** Opening Data provided block **

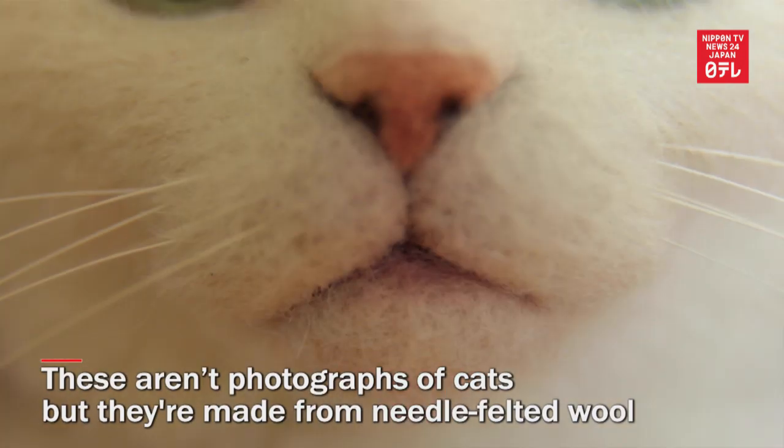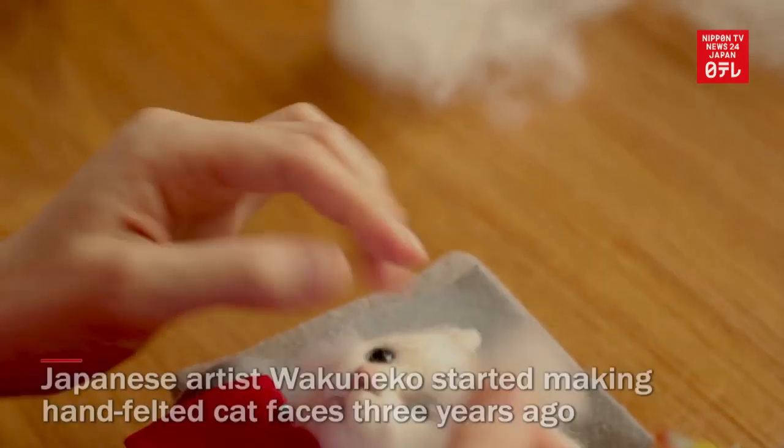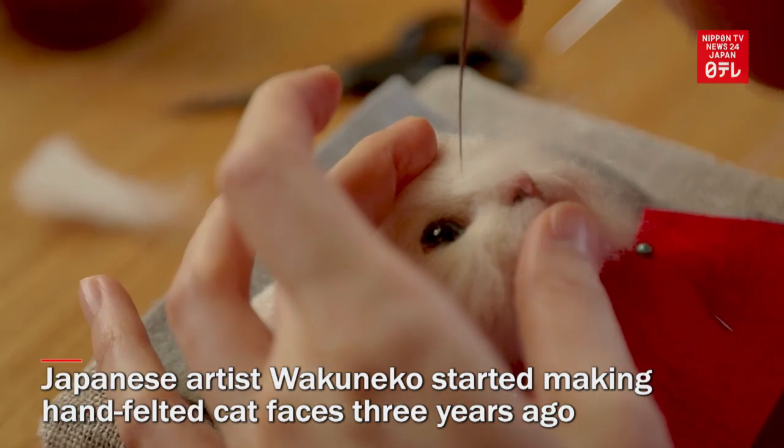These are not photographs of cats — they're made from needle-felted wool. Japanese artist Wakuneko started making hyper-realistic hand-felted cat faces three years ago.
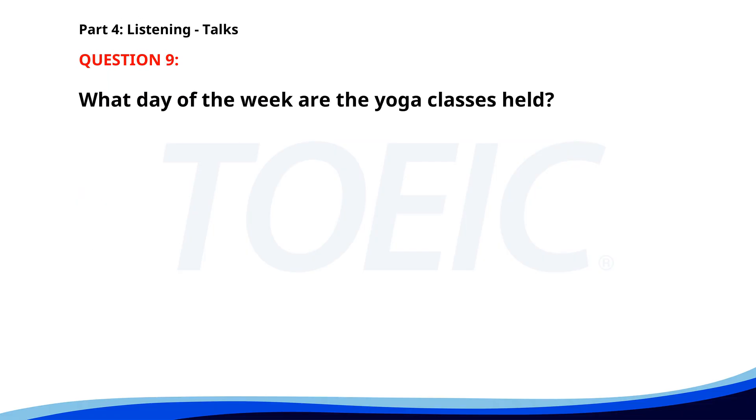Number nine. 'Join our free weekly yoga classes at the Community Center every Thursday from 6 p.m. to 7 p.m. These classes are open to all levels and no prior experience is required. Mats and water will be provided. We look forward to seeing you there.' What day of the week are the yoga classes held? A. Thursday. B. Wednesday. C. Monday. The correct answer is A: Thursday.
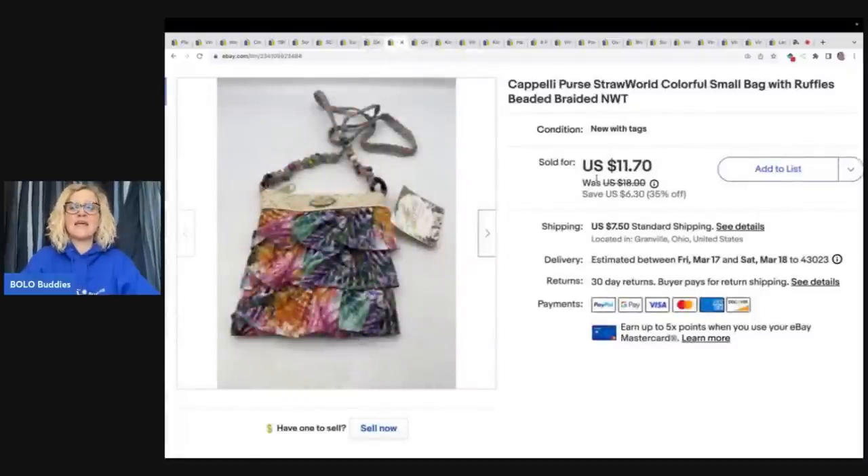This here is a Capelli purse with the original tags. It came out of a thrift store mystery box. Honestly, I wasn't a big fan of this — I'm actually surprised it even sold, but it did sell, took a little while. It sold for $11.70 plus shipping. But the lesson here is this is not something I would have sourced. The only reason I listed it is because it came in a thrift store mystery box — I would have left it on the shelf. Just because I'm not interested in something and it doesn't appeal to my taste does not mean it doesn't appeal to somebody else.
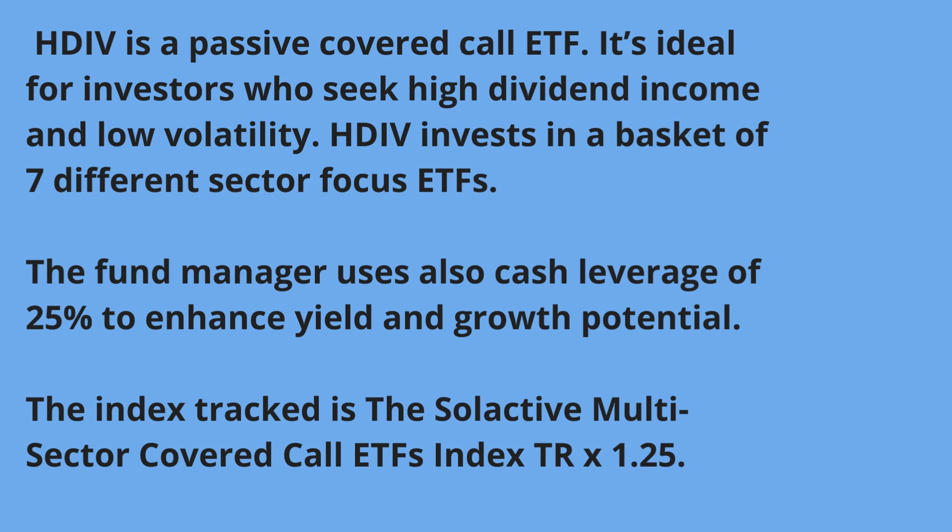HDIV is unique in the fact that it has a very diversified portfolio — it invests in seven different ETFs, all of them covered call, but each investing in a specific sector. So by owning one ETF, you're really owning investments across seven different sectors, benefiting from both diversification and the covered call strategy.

** Closing Data provided block **

- **Work request**: Where the data contains an image, skip the image and copy everything else exactly as it appears.

- **Reply to the task**:
These are not photographs of cats — they're made from needle-felted wool. Japanese artist Wakuneko started making hyper-realistic hand-felted cat faces three years ago.
Number nine. 'Join our free weekly yoga classes at the Community Center every Thursday from 6 p.m. to 7 p.m. These classes are open to all levels and no prior experience is required. Mats and water will be provided. We look forward to seeing you there.' What day of the week are the yoga classes held? A. Thursday. B. Wednesday. C. Monday. The correct answer is A: Thursday.
This here is a Capelli purse with the original tags. It came out of a thrift store mystery box. Honestly, I wasn't a big fan of this — I'm actually surprised it even sold, but it did sell, took a little while. It sold for $11.70 plus shipping. But the lesson here is this is not something I would have sourced. The only reason I listed it is because it came in a thrift store mystery box — I would have left it on the shelf. Just because I'm not interested in something and it doesn't appeal to my taste does not mean it doesn't appeal to somebody else.
HDIV is unique in the fact that it has a very diversified portfolio — it invests in seven different ETFs, all of them covered call, but each investing in a specific sector. So by owning one ETF, you're really owning investments across seven different sectors, benefiting from both diversification and the covered call strategy.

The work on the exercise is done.